- _EXERCISE PROMPT_
Would you give again, exactly as written, the lines from the opening of the records to the line with "2017 Winter New", that line included and pictures excluded?
┌─ RAW DATA
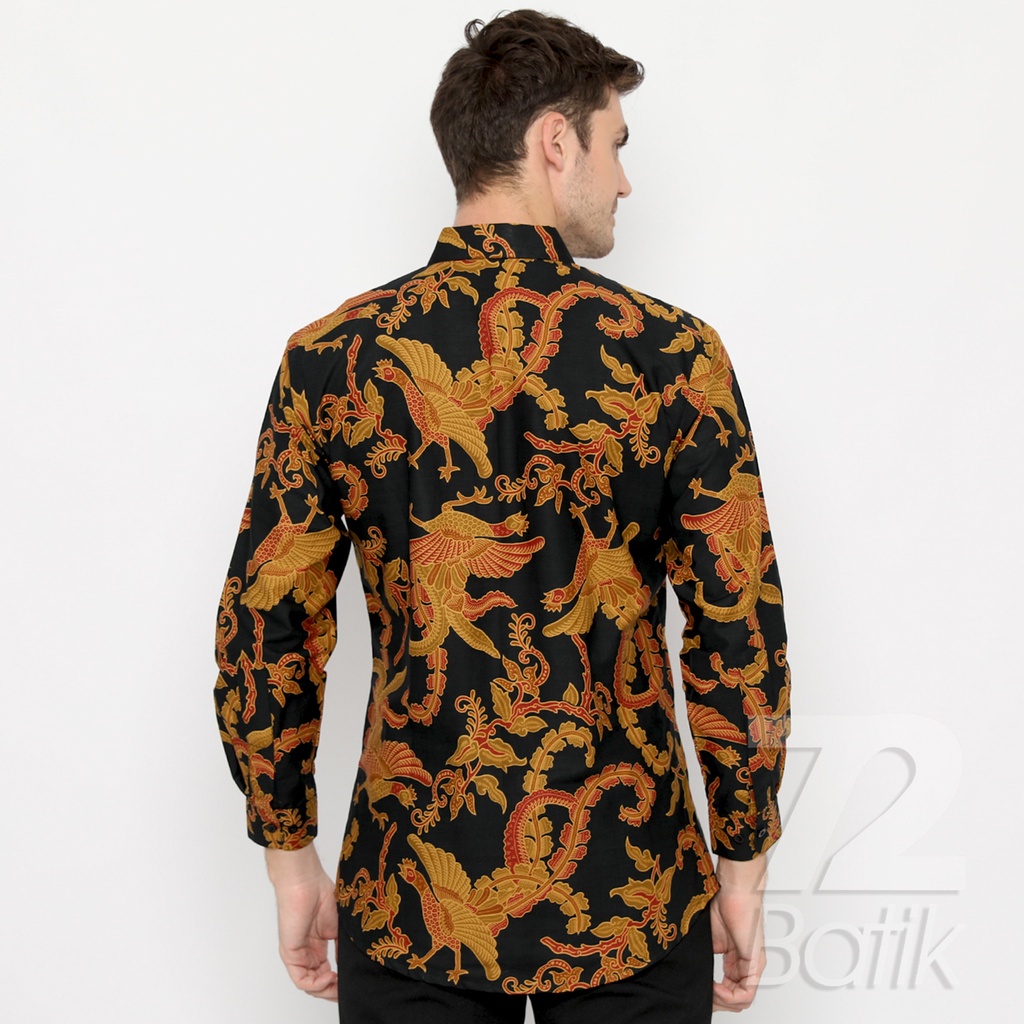 BATIK PRIA LENGAN PANJANG Kemeja Hem Slimfit Premium Motif Burung Warna Hitam Kuning 721089 CAP 72 - Baju Kemeja Atasan Pakaian Setelan Batik Pria Cowok Laki Laki Remaja Keluarga Kantor Lengan Panjang Modern Slimfit Slim Fit Premium Kekinian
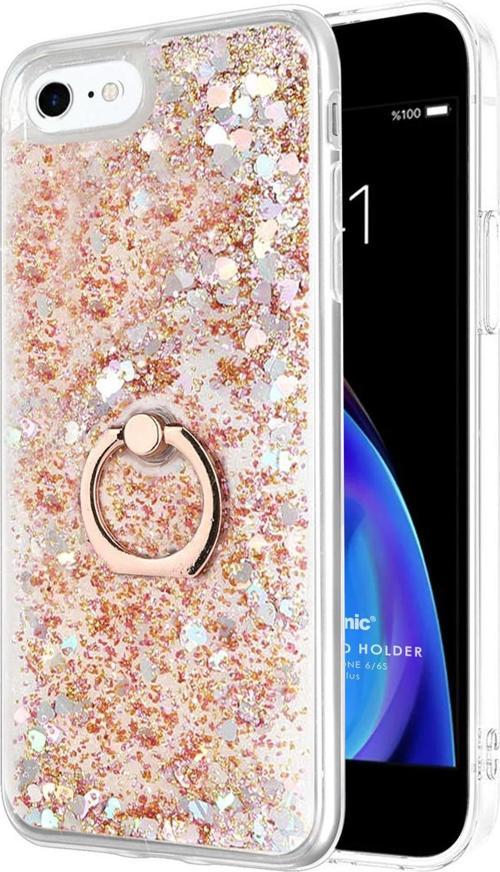Apple iPhone 6S Kılıf Glitter Liquid Holder Gold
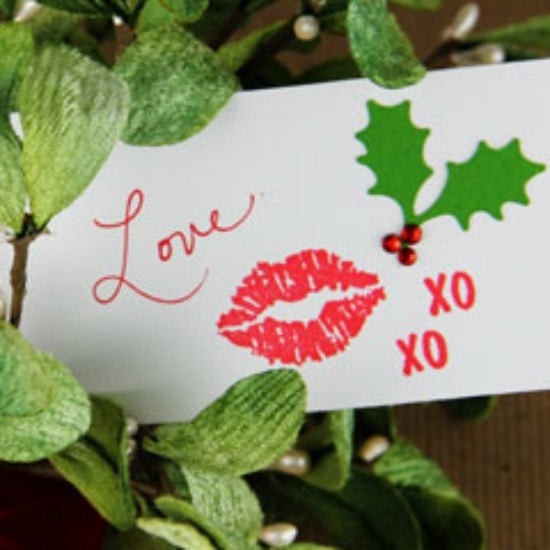 Kiss under the mistletoe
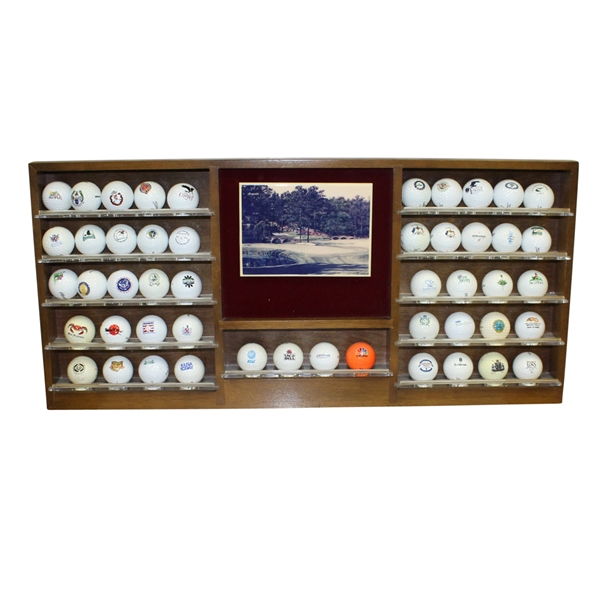 Large Wooden Golf Ball Rack and 49 Logo Golf Balls - Rack Depicts Augusta National Hole
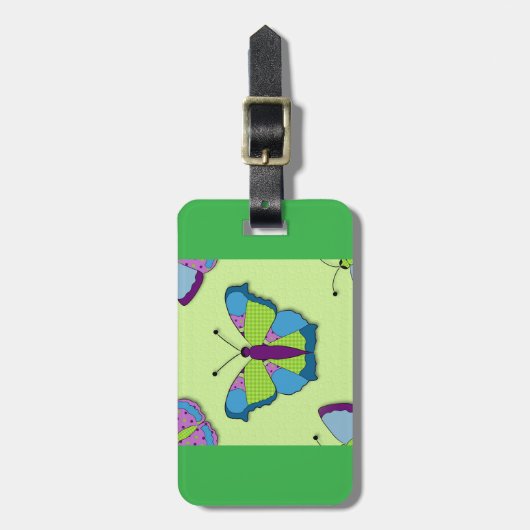 Patchwork Butterfly Pattern on Green Bagagelabel (Voorkant verticaal)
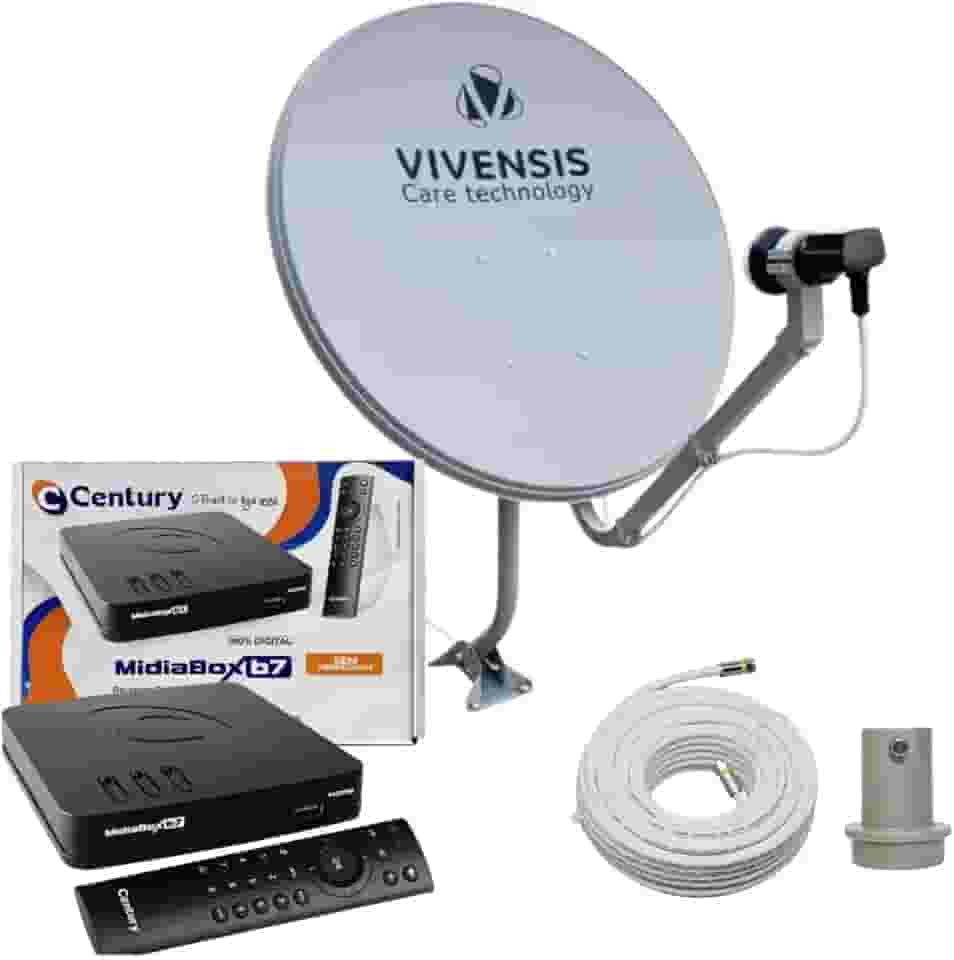 Kit Antena - Receptor Digital Century Midiabox Lnbf 5g Ku Cabo Cor Preto 110v/220v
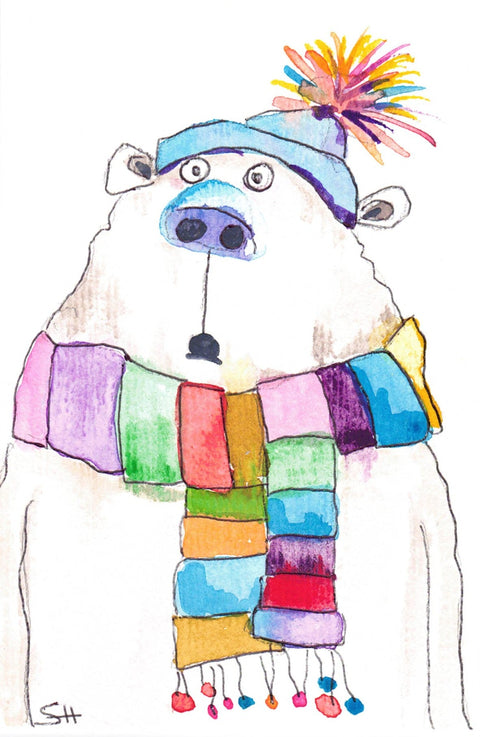 'Animal' 4 x 6 Original Art Cards by Sabine Hahnel Polar Bear - Arts and Heritage St. Albert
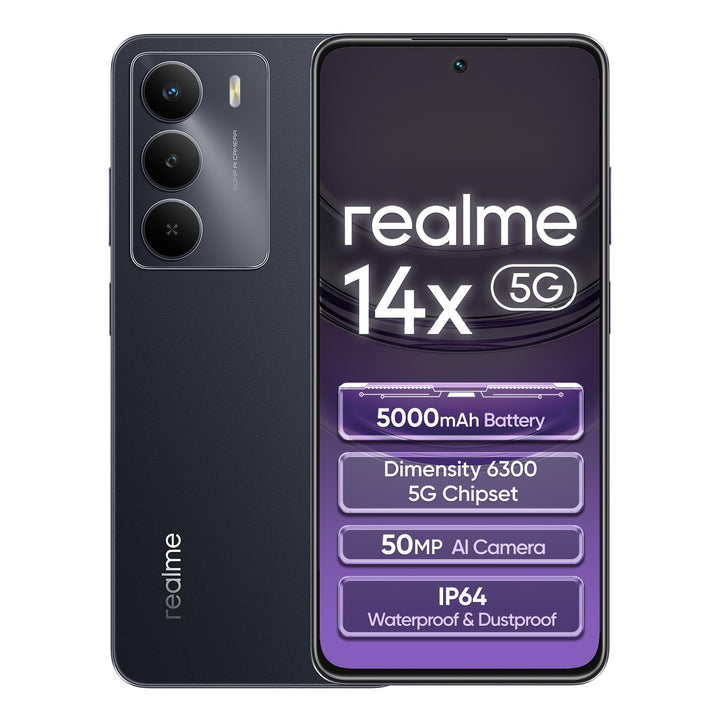 realme 14x 5G Smartphone 6+128GB, Carbon Black, 6.67 Zoll Bildschirm, 120Hz Display, 5000mAh Akku, 5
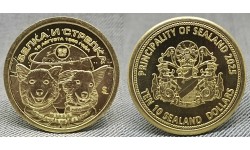 10 долларов Княжество Силенд 2025 г. Белка и стрелка, история Российской космонавтики - №3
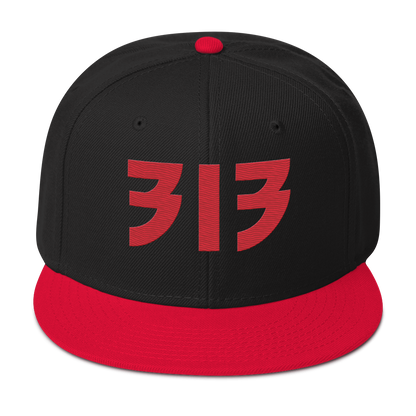 Detroit '313' Snapback (Glam Font) | 6-Panel - Red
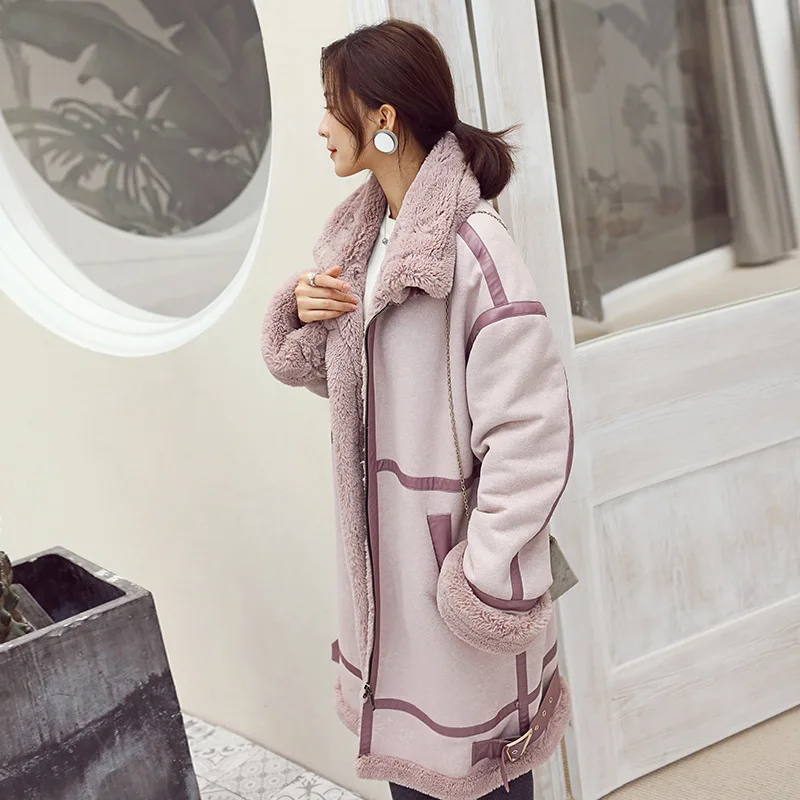 

2017 Winter New Style High Collar Windproof Warm Overcoat Slim Fit Mid-length Suede Coat 9570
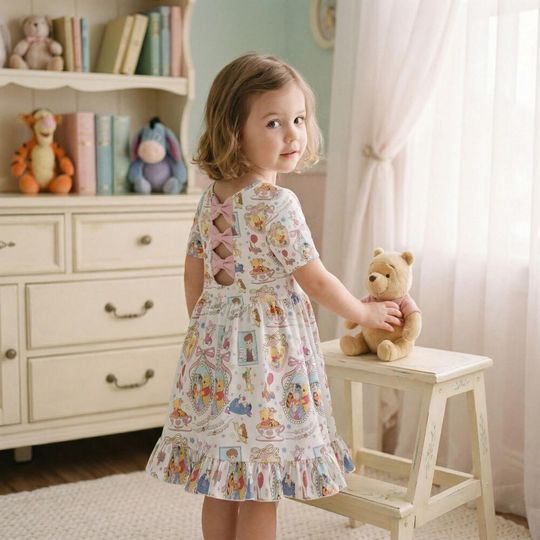 Classic Winnie the Pooh Bowtie Back Dress Kids, 100th Anniversary Mirror Coquette Birthday Outfit, Pooh and Friends Garden Wear 2026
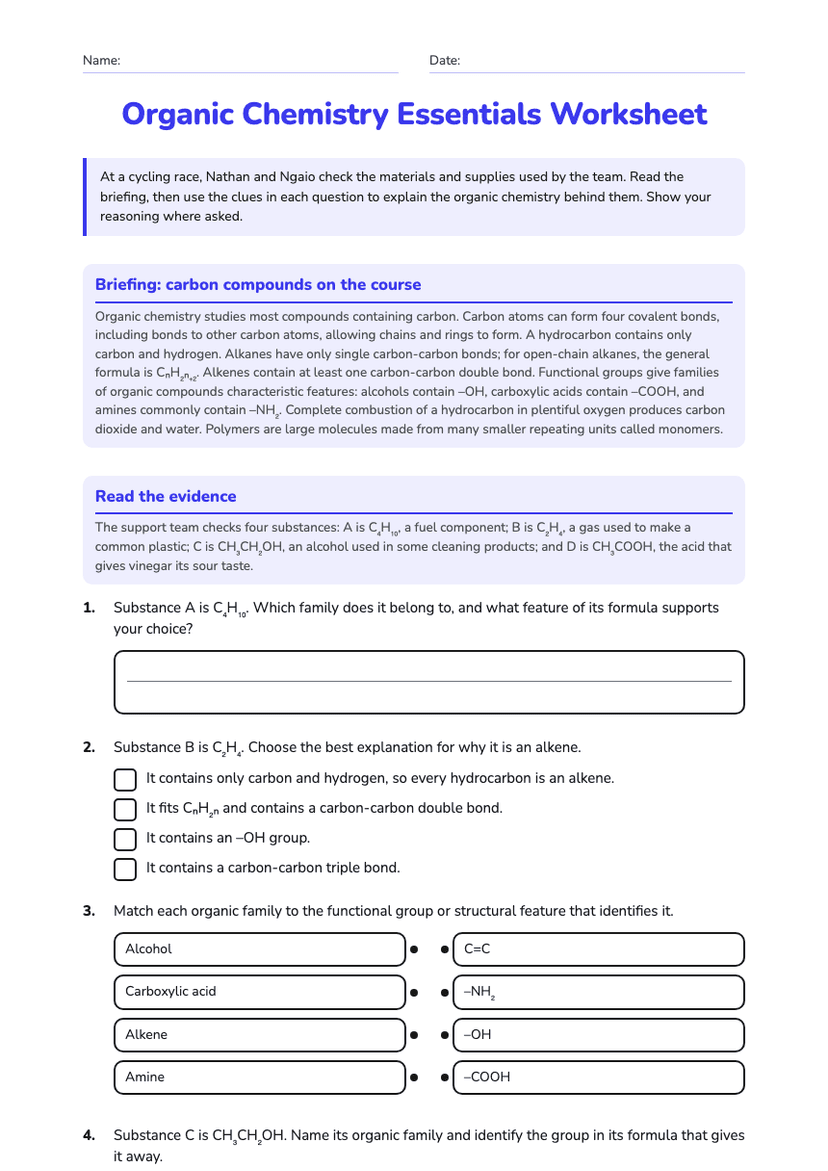 Organic Chemistry Essentials Worksheet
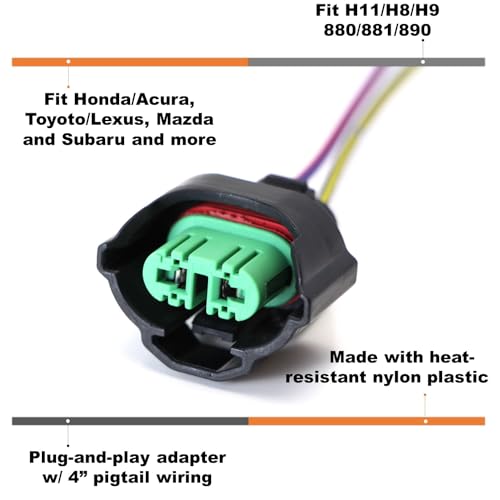 iJDMTOY (2) OEM H11 H8 Female Adapters Wiring Harness Sockets w/ 4-Inch Wire Pigtails Compatible With Headlights or Fog Lights Use - Image 2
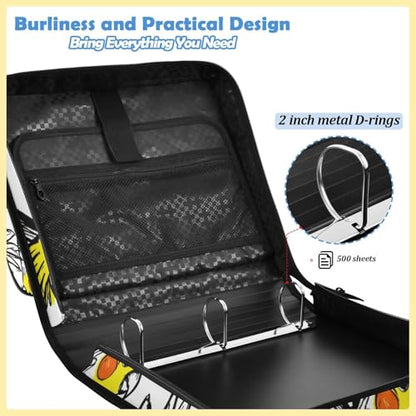 Birds 2inch 3 Ring Zipper Binder Multi-Pocket Storage Holds 14 Inch Laptop for Students and Office Use - color: Birds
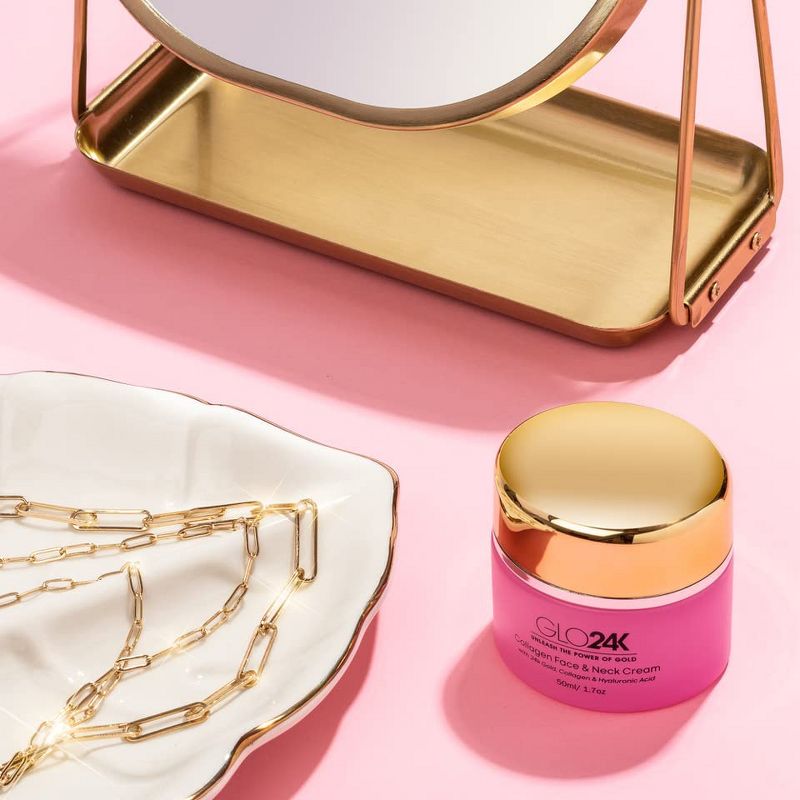 GLO24K Collagen Face & Neck Cream With 24k Gold Collagen & Hyaluronic Acid Boost Your Skin’s Collagen Levels For A Radiant Glowing Skin, 3 of 4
└─
- _RESPONSE_
 BATIK PRIA LENGAN PANJANG Kemeja Hem Slimfit Premium Motif Burung Warna Hitam Kuning 721089 CAP 72 - Baju Kemeja Atasan Pakaian Setelan Batik Pria Cowok Laki Laki Remaja Keluarga Kantor Lengan Panjang Modern Slimfit Slim Fit Premium Kekinian
Apple iPhone 6S Kılıf Glitter Liquid Holder Gold
 Kiss under the mistletoe
 Large Wooden Golf Ball Rack and 49 Logo Golf Balls - Rack Depicts Augusta National Hole
 Patchwork Butterfly Pattern on Green Bagagelabel (Voorkant verticaal)
 Kit Antena - Receptor Digital Century Midiabox Lnbf 5g Ku Cabo Cor Preto 110v/220v
 'Animal' 4 x 6 Original Art Cards by Sabine Hahnel Polar Bear - Arts and Heritage St. Albert
 realme 14x 5G Smartphone 6+128GB, Carbon Black, 6.67 Zoll Bildschirm, 120Hz Display, 5000mAh Akku, 5
 10 долларов Княжество Силенд 2025 г. Белка и стрелка, история Российской космонавтики - №3
 Detroit '313' Snapback (Glam Font) | 6-Panel - Red

2017 Winter New Style High Collar Windproof Warm Overcoat Slim Fit Mid-length Suede Coat 9570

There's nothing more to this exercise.